* [Required work]
Restate the data word for word. Leave the pictures out.

(Data provided Opens)

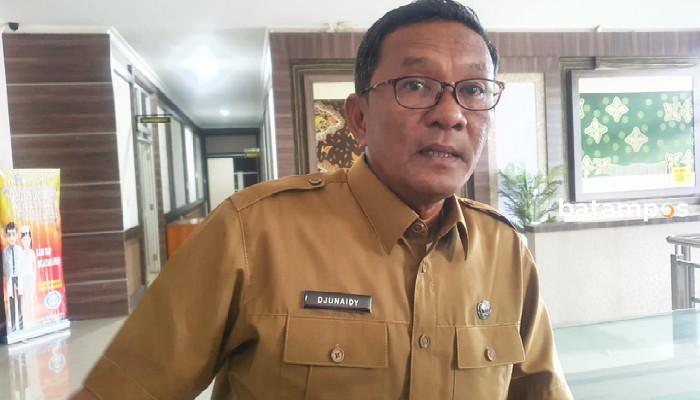 Kurang Peminat, Lelang Jabatan di Dua OPD Pemkab Karimun Diperpanjang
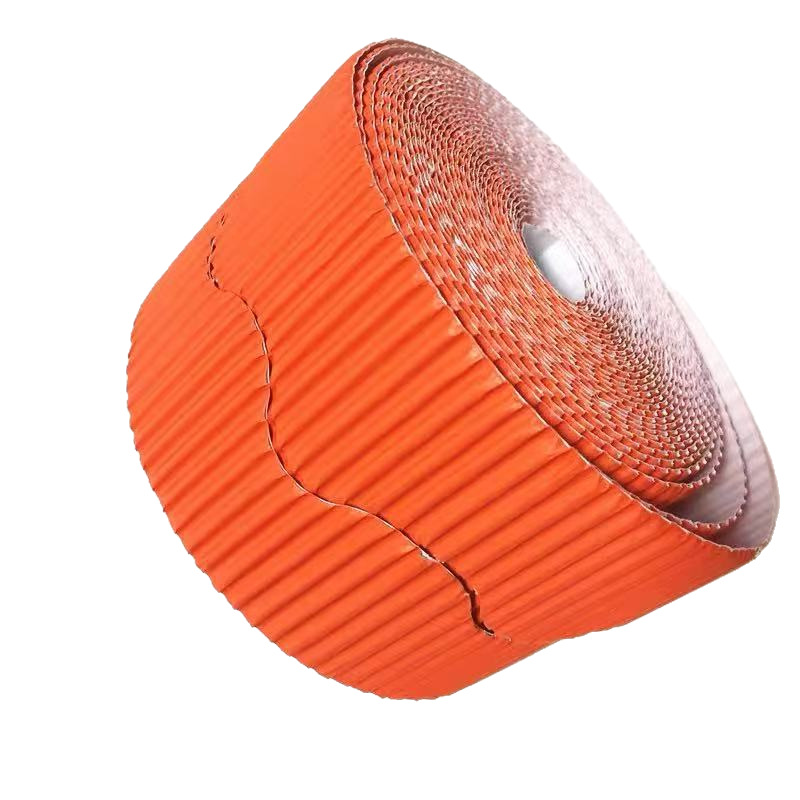 镜边瓦楞纸波浪形手工制作模型花边波纹纸幼儿园DIY底版背景墙纸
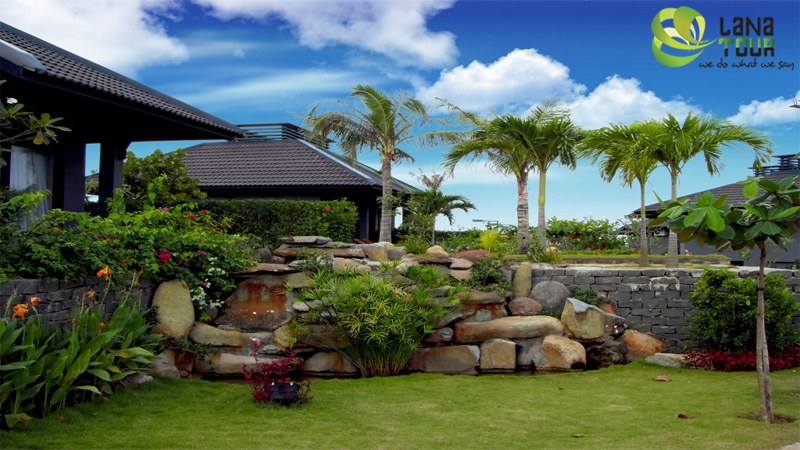 TROPICANA BEACH RESORT & SPA 4*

(Data provided Closes)

* [Solution to this exercise]
 Kurang Peminat, Lelang Jabatan di Dua OPD Pemkab Karimun Diperpanjang
 镜边瓦楞纸波浪形手工制作模型花边波纹纸幼儿园DIY底版背景墙纸
 TROPICANA BEACH RESORT & SPA 4*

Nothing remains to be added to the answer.